Re: [PATCH v5 2/2] untracked-cache: support '--untracked-files=all' if configured

[Date Prev][Date Next][Thread Prev][Thread Next][Date Index][Thread Index]

 



"Tao Klerks via GitGitGadget" <gitgitgadget@xxxxxxxxx> writes:

> From: Tao Klerks <tao@xxxxxxxxxx>
>
> Untracked cache was originally designed to only work with
> '--untracked-files=normal', but this causes performance issues for UI
> tooling that wants to see "all" on a frequent basis. On the other hand,
> the conditions that prevented applicability to the "all" mode no
> longer seem to apply.

There is a slight leap in logic flow before ", but this causes" that
forces readers read the above twice and guess what is missing.  I am
guessing that

    ... was designed to only work with "--untracked-files=normal",
    and is bypassed when "--untracked-files=all" request, but this
    causes ...

is what you meant to say.

The claim in the last sentence "... no longer seem to apply" is
thrown at the readers without much rationale.  Either justify it
more solidly or discard the claim?

> The disqualification of untracked cache has a particularly significant
> impact on Windows with the defaulted fscache, where the introduction
> of fsmonitor can make the first and costly directory-iteration happen
> in untracked file detection, single-threaded, rather than in
> preload-index on multiple threads. Improving the performance of a
> "normal" 'git status' run with fsmonitor can make
> 'git status --untracked-files=all' perform much worse.

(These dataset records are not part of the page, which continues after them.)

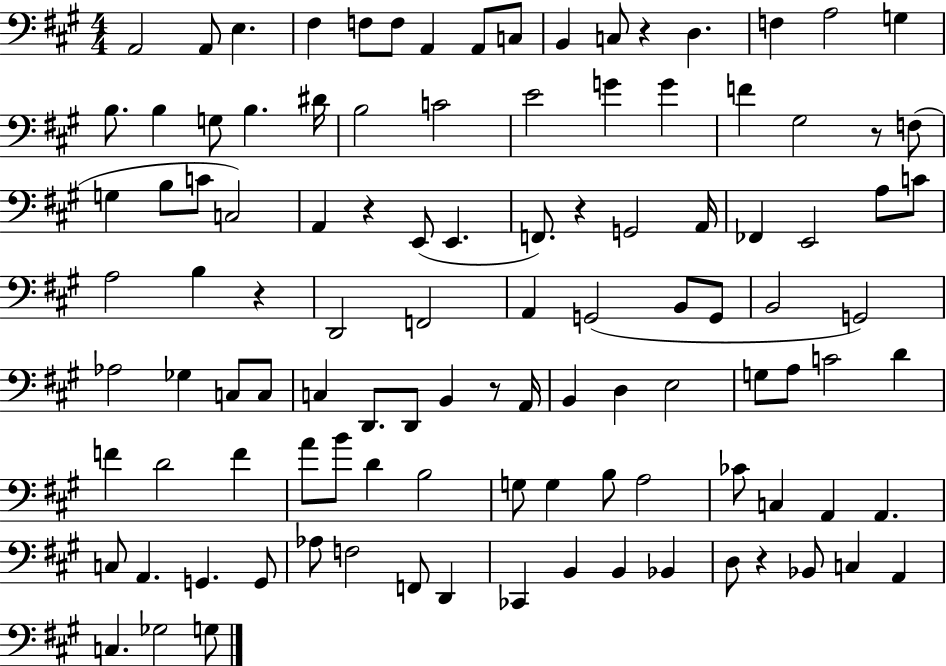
X:1
T:Untitled
M:4/4
L:1/4
K:A
A,,2 A,,/2 E, ^F, F,/2 F,/2 A,, A,,/2 C,/2 B,, C,/2 z D, F, A,2 G, B,/2 B, G,/2 B, ^D/4 B,2 C2 E2 G G F ^G,2 z/2 F,/2 G, B,/2 C/2 C,2 A,, z E,,/2 E,, F,,/2 z G,,2 A,,/4 _F,, E,,2 A,/2 C/2 A,2 B, z D,,2 F,,2 A,, G,,2 B,,/2 G,,/2 B,,2 G,,2 _A,2 _G, C,/2 C,/2 C, D,,/2 D,,/2 B,, z/2 A,,/4 B,, D, E,2 G,/2 A,/2 C2 D F D2 F A/2 B/2 D B,2 G,/2 G, B,/2 A,2 _C/2 C, A,, A,, C,/2 A,, G,, G,,/2 _A,/2 F,2 F,,/2 D,, _C,, B,, B,, _B,, D,/2 z _B,,/2 C, A,, C, _G,2 G,/2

The last sentence is a bit hard to parse and very hard to reason
about.  Do you mean to say "--untracked-files=all is slower when the
untracked cache is in use, so the performance of 'git status' may be
improved for '--untracked-files=normal' when the untracked cache is
used, it hurts when 'git status --untracked-files=all' is run"?

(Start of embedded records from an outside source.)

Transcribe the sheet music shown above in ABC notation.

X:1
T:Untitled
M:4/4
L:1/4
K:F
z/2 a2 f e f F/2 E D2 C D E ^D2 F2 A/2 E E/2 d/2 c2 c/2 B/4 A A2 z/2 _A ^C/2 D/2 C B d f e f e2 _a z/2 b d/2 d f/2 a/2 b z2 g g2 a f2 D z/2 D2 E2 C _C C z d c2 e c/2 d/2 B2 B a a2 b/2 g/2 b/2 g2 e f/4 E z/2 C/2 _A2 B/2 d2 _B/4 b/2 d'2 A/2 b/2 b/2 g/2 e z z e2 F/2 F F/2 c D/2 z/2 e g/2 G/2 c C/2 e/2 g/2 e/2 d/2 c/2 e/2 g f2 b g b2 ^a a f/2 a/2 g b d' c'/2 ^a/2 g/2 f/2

> To partially address this, align the supported directory flags for the
> stored untracked cache data with the git config. If a user specifies
> an '--untracked-files=' commandline parameter that does not align with
> their 'status.showuntrackedfiles' config value, then the untracked
> cache will be ignored - as it is for other unsupported situations like
> when a pathspec is specified.
>
> If the previously stored flags no longer match the current
> configuration, but the currently-applicable flags do match the current
> configuration, then discard the previously stored untracked cache
> data.

Let me follow what actually happens in the patch aloud.

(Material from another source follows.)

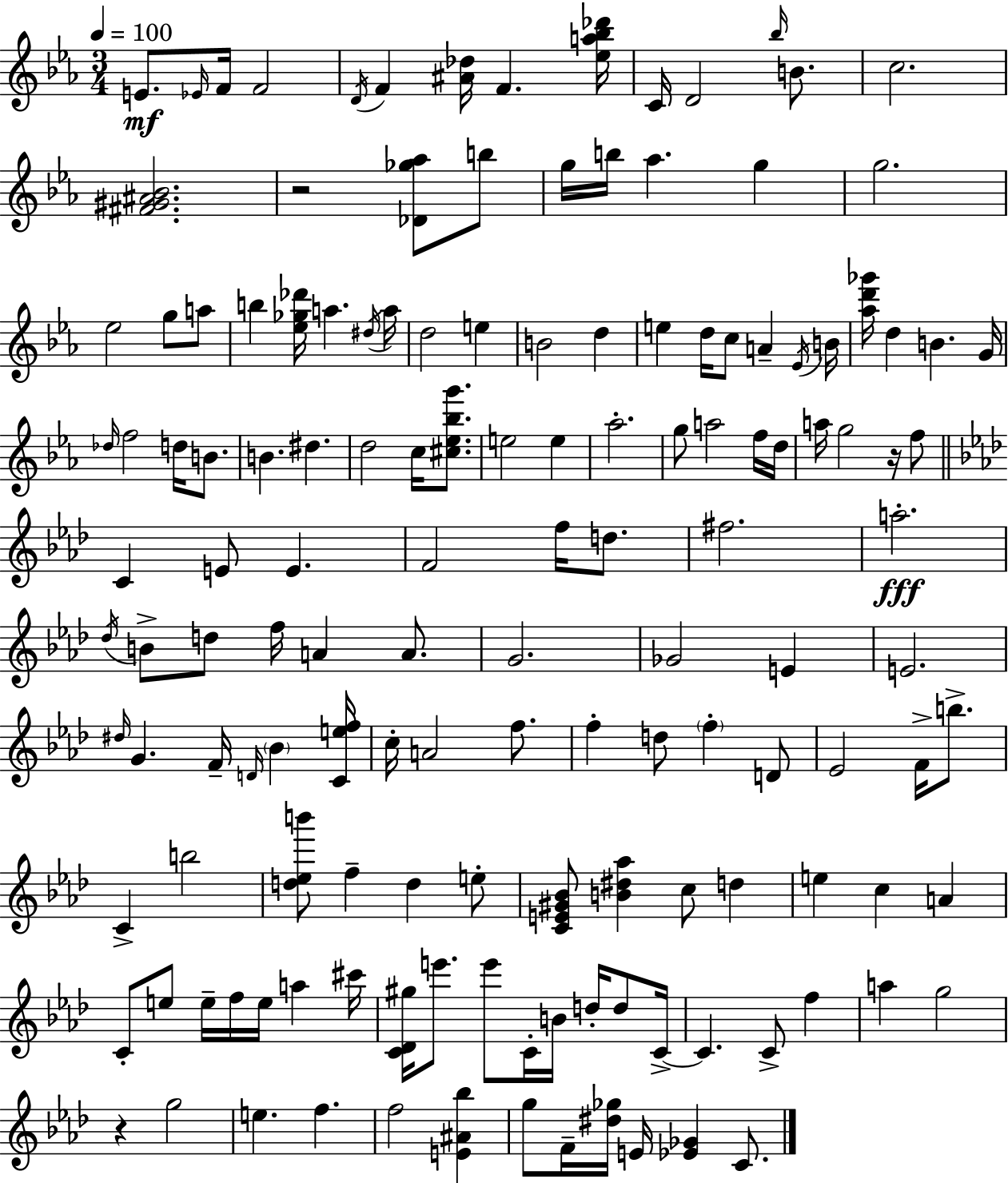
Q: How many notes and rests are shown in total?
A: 144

> -static void new_untracked_cache(struct index_state *istate)
> +static unsigned new_untracked_cache_flags(struct index_state *istate)
> +{
> +	struct repository *repo = istate->repo;
> +	char *val;
> +
> +	/*
> +	 * This logic is coordinated with the setting of these flags in
> +	 * wt-status.c#wt_status_collect_untracked(), and the evaluation
> +	 * of the config setting in commit.c#git_status_config()
> +	 */
> +	if (!repo_config_get_string(repo, "status.showuntrackedfiles", &val) &&
> +	    !strcmp(val, "all"))
> +		return 0;
> +
> +	/*
> +	 * The default, if "all" is not set, is "normal" - leading us here.
> +	 * If the value is "none" then it really doesn't matter.
> +	 */
> +	return DIR_SHOW_OTHER_DIRECTORIES | DIR_HIDE_EMPTY_DIRECTORIES;
> +}

This _guesses_ the user preference from the configuration.

> +static void new_untracked_cache(struct index_state *istate, int flags)
>  {
>  	struct untracked_cache *uc = xcalloc(1, sizeof(*uc));
>  	strbuf_init(&uc->ident, 100);
>  	uc->exclude_per_dir = ".gitignore";
> -	/* should be the same flags used by git-status */
> -	uc->dir_flags = DIR_SHOW_OTHER_DIRECTORIES | DIR_HIDE_EMPTY_DIRECTORIES;
> +	uc->dir_flags = flags >= 0 ? flags : new_untracked_cache_flags(istate);

We use unsigned for the flag word unless there is a reason not to,
but this function wants to use top-bit as a signal to "guess from
config".  The caller either dictates what bits to set, or we guess.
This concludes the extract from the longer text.